To run the script, the following package are required:
The script supports the .txt and .csv files. To run the script, the all text data should be saved to a directory named data_text. The script has the following assumption about the .csv and .txt file:
-
.csv file:
The dataframe should only contains three columns: Index, Name and Purpose. The column names does not have to be exactly the same but the order of columns should follows this structure. -
.txt file: The script assumes the data in the .txt file will have the following format:
Name: example name1---Purpose: example purpose1
Name: example name2---Purpose: example purpose2
The script may not be able to handle the other format in .txt.
- Run the script1_merge_files.py:
python script1_merge_files.py
The output of the first script is:
Head of the merged data:
Name Purpose
0 Eaton-Payne Synergistic homogeneous moratorium for empower...
1 Hayes Group Front-line clear-thinking open architecture fo...
2 Compton, Zamora and Roberts Open-source leadingedge solution for whiteboar...
3 Johnson, Dalton and Wells Balanced neutral forecast for leverage extensi...
4 Ward PLC Future-proofed neutral approach for unleash se...
Tail of the merged data:
Name Purpose
245 Banks, Sanchez and Smith Function-based asymmetric installation for st...
246 Ali and Sons Focused motivating Local Area Network for inc...
247 Cooley Ltd Profound reciprocal methodology for embrace b...
248 Kelly-Barnes Re-engineered static workforce for enable int...
249 Graham PLC Quality-focused attitude-oriented Local Area ...
Process finished with exit code 0
and the script will save the merged file to merged_data.csv which is necessary for following scripts
- Run the script2_find.py
python script2_find.py
The output of the second script is:
The best idea is [ Organic static instruction set for redefine distributed web services ]
The polarity of the idea is 0.5
The worst idea is [ Assimilated didactic parallelism for incubate bricks-and-clicks bandwidth ]
The polarity of the idea is -0.5
Process finished with exit code 0
- Run the script3_most_common.py
python script3_most_common.py
The output of the third script is:
The 10 most common words and corresponding frequencies are:
Token Frequency
------------- -----------
e 37
solution 21
enable 17
orient 16
info 15
mediaries 15
system 15
contextualize 14
time 14
engineer 14
Process finished with exit code 0
The functions are defined in the HW3_functions.py.

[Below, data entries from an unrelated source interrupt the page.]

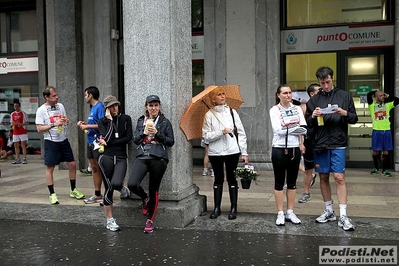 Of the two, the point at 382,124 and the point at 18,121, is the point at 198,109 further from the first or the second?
the point at 18,121

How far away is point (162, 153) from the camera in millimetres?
6047

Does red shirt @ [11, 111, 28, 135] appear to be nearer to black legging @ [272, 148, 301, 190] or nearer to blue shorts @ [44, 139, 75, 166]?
blue shorts @ [44, 139, 75, 166]

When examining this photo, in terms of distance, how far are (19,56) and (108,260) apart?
11.5m

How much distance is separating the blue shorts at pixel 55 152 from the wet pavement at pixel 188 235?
750 millimetres

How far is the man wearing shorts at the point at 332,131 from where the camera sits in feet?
19.6

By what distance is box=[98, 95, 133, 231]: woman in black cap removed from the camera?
6.21 m

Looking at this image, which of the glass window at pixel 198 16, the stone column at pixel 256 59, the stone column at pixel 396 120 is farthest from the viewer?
the glass window at pixel 198 16

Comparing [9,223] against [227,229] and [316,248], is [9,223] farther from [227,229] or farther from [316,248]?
[316,248]

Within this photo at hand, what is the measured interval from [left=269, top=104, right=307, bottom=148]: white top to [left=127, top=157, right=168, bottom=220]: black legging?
154 cm

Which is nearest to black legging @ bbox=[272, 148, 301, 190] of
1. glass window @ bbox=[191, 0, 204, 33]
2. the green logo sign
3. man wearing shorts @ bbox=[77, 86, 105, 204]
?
man wearing shorts @ bbox=[77, 86, 105, 204]

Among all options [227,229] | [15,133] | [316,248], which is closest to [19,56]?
[15,133]

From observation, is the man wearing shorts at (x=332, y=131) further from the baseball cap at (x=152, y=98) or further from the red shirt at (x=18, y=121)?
the red shirt at (x=18, y=121)

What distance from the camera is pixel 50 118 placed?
8.05m

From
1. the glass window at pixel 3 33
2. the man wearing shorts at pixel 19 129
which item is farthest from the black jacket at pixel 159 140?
the glass window at pixel 3 33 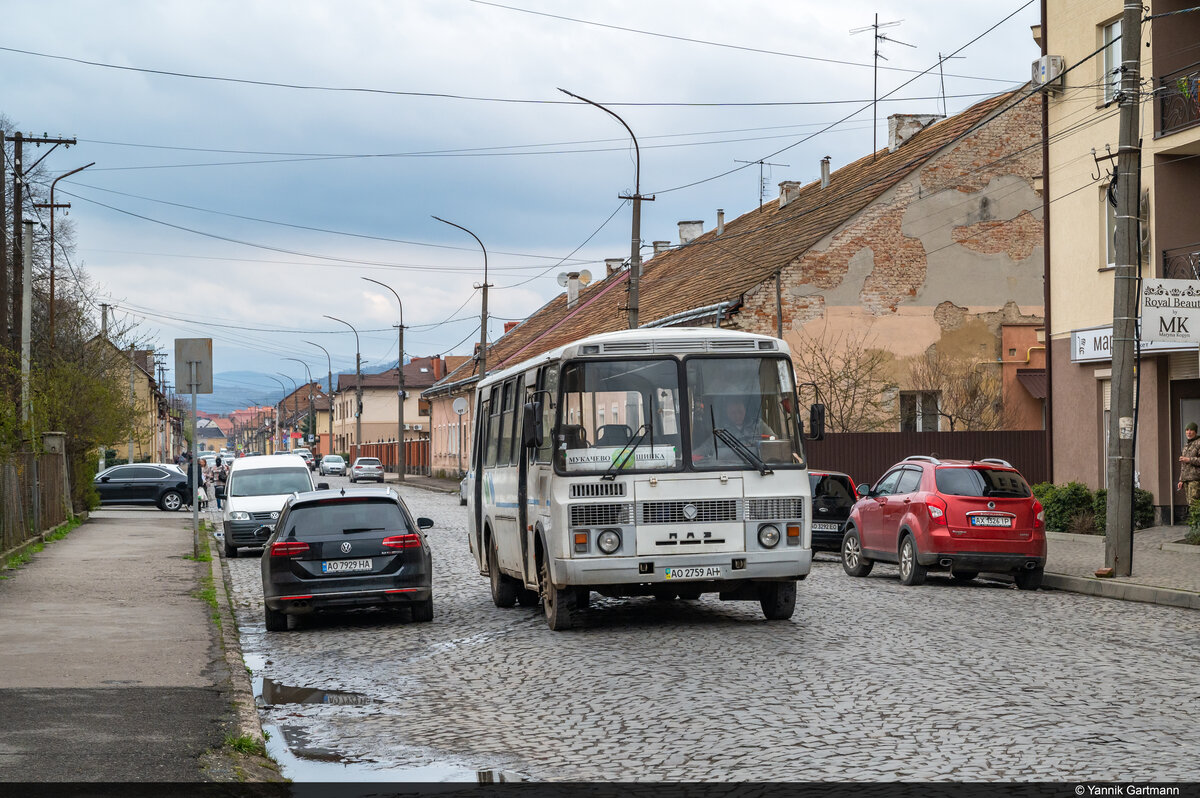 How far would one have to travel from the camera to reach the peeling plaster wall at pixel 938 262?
120 feet

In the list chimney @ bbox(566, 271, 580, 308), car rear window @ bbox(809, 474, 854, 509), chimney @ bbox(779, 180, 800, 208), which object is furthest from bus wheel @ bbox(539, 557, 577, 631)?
chimney @ bbox(566, 271, 580, 308)

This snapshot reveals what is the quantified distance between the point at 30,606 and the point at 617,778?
10298 mm

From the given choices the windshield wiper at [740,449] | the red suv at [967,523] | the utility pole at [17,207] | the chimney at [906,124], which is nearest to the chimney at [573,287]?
the chimney at [906,124]

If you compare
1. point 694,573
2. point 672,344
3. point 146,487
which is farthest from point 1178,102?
point 146,487

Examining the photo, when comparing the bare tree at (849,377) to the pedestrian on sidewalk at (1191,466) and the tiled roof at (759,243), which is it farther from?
the pedestrian on sidewalk at (1191,466)

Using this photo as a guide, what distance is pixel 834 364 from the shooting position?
120 ft

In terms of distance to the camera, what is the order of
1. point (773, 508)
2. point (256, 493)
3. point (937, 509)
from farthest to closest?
point (256, 493) → point (937, 509) → point (773, 508)

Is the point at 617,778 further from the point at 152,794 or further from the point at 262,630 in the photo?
the point at 262,630

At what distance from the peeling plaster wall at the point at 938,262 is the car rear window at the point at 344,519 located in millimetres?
22812

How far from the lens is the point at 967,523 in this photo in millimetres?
17219

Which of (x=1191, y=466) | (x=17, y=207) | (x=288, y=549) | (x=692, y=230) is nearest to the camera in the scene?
(x=288, y=549)

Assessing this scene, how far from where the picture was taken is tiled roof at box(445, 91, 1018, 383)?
37344 mm

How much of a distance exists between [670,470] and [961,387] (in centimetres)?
2511

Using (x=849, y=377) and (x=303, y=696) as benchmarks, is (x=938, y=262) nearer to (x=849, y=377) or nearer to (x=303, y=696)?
(x=849, y=377)
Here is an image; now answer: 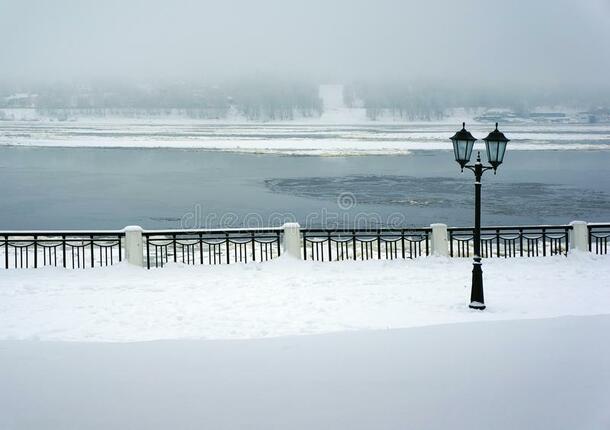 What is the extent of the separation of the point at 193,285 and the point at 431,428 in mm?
8407

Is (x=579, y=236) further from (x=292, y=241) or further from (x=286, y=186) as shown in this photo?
(x=286, y=186)

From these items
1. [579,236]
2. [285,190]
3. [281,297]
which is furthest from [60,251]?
[285,190]

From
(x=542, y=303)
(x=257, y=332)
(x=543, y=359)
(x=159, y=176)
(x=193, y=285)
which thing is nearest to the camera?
(x=543, y=359)

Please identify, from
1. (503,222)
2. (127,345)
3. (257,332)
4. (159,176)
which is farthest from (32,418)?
(159,176)

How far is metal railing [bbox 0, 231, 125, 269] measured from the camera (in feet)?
53.8

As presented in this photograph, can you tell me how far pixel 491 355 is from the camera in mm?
9234

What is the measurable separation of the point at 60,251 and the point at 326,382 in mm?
15833

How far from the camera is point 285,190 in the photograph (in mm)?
44781

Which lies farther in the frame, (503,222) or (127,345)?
(503,222)

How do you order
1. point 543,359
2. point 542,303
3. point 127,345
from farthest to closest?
point 542,303
point 127,345
point 543,359

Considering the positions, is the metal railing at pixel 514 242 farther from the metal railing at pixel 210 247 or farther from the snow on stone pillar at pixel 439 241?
the metal railing at pixel 210 247

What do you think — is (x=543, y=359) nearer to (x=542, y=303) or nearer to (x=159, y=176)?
(x=542, y=303)

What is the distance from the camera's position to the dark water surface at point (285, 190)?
110 feet

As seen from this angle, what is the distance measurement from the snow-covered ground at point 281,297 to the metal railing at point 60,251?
0.89 meters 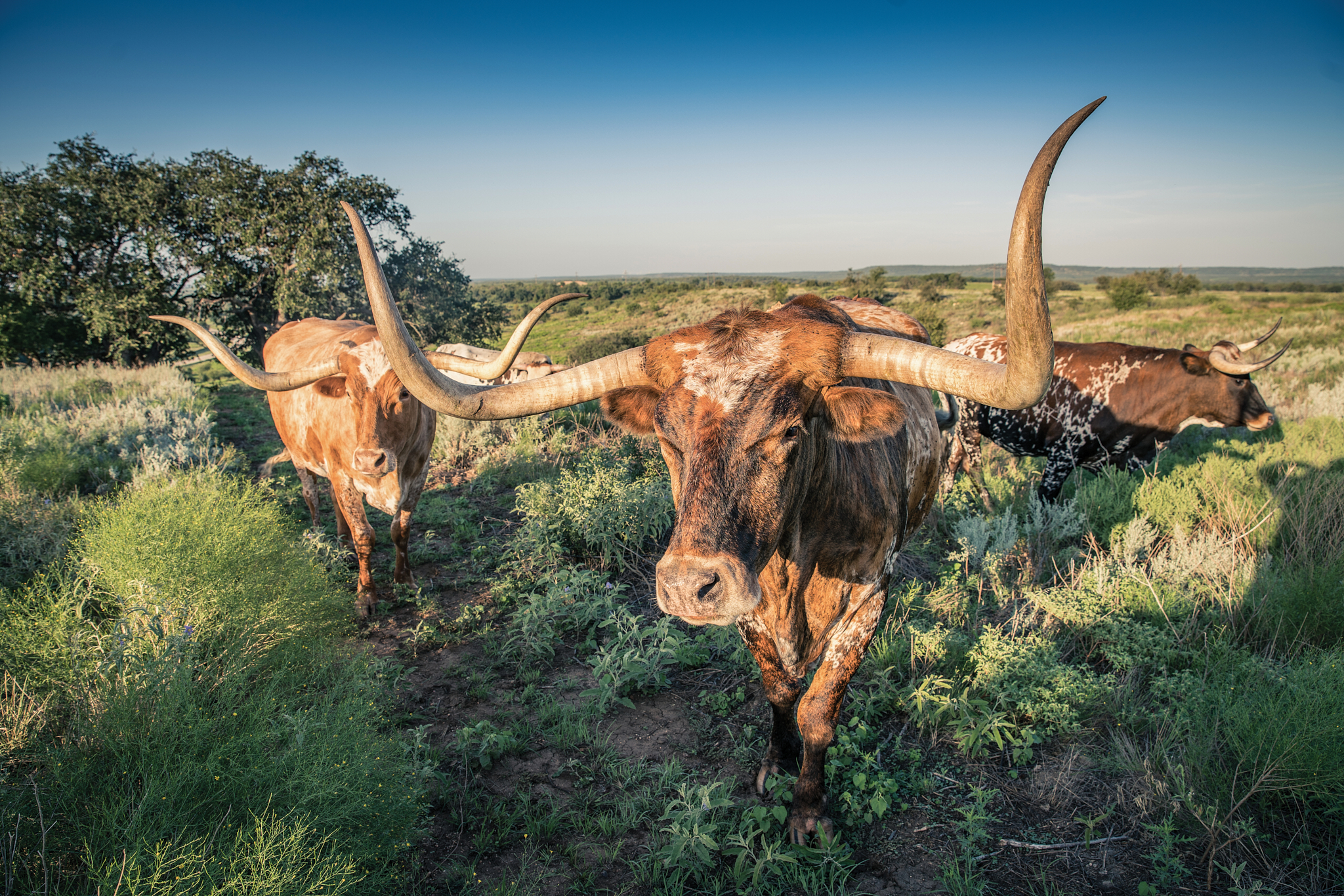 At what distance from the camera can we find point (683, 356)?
7.20 ft

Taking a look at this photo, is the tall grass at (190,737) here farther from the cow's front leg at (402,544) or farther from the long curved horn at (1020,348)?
the long curved horn at (1020,348)

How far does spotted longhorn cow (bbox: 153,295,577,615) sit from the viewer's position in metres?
4.66

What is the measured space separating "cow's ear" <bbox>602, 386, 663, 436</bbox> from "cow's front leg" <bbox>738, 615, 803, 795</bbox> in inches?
42.3

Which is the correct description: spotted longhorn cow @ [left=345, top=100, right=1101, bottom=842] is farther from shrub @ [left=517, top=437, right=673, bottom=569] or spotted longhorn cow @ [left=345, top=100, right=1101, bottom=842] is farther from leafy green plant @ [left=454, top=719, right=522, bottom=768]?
shrub @ [left=517, top=437, right=673, bottom=569]

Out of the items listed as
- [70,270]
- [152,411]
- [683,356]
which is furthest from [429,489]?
[70,270]

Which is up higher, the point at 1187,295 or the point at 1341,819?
the point at 1187,295

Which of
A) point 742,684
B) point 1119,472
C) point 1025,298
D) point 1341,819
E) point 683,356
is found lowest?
point 742,684

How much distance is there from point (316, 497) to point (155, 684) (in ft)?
17.0

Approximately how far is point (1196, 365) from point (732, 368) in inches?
298

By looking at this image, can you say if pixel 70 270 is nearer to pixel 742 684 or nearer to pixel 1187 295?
pixel 742 684

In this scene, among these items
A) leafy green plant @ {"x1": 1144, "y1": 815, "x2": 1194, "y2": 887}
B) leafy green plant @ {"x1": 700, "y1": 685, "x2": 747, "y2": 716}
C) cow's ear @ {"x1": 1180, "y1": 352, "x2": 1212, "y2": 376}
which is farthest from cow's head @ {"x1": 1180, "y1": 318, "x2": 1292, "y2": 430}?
leafy green plant @ {"x1": 700, "y1": 685, "x2": 747, "y2": 716}

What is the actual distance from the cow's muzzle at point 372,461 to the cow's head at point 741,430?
3328 millimetres

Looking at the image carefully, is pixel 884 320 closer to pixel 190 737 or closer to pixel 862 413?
pixel 862 413

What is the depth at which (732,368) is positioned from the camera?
2.02 metres
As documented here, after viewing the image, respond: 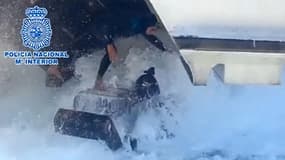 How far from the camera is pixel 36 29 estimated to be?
225cm

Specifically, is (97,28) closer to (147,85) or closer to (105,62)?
(105,62)

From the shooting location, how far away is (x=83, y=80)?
229cm

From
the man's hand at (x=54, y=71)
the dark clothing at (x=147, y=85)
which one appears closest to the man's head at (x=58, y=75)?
the man's hand at (x=54, y=71)

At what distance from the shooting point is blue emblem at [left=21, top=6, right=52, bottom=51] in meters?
2.24

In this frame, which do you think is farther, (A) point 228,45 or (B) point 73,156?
(B) point 73,156

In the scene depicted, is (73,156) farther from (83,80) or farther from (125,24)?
(125,24)

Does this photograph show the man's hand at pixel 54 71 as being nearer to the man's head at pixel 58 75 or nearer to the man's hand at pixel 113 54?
the man's head at pixel 58 75

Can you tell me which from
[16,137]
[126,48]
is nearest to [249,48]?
[126,48]

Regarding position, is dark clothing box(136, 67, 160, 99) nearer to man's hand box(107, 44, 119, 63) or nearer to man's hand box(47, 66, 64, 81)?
man's hand box(107, 44, 119, 63)

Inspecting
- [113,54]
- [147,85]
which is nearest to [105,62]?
[113,54]

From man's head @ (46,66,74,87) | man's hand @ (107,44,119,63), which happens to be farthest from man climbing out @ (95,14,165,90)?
man's head @ (46,66,74,87)

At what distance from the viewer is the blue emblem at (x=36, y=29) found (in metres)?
2.24

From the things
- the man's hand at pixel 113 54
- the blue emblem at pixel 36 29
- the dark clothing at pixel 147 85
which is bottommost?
the dark clothing at pixel 147 85

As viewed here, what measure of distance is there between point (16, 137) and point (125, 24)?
0.51 metres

To use a single function:
from HW3_function import *
The function is:
merge_data(save=False)
The function will merge all .csv and .txt file in data_text to a single dataframe and the returned dataframe will have the structure:
Name Purpose
0 Eaton-Payne Synergistic homogeneous moratorium for empower...
1 Hayes Group Front-line clear-thinking open architecture fo...
2 Compton, Zamora and Roberts Open-source leadingedge solution for whiteboar...
3 Johnson, Dalton and Wells Balanced neutral forecast for leverage extensi...
4 Ward PLC Future-proofed neutral approach for unleash se...
If save is set to true, the merged dataframe will be saved as a single .csv file to the root directory.
The function is:
find_bestIdea(df)
The function will use the merged dataframe to find the best and worst business idea based on sentiment analysis. The return of the function is two tuples and will have following structure:
((highest_polarity, highest_polarity_corresponding_idea),
(lowest_polarity, lowest_polarity_corresponding_idea))
The function is:
find_most_common(df, process=True)
The function has two arguments:
- df(pd.DataFrame): the text data, the structure should as same as the output of the function merge_data().
- process(boolean): if the argument is set to True, the function will remove the stop words and lemmatize the token to base form.
The function will return the 10 most common tokens and the corresponding frequency.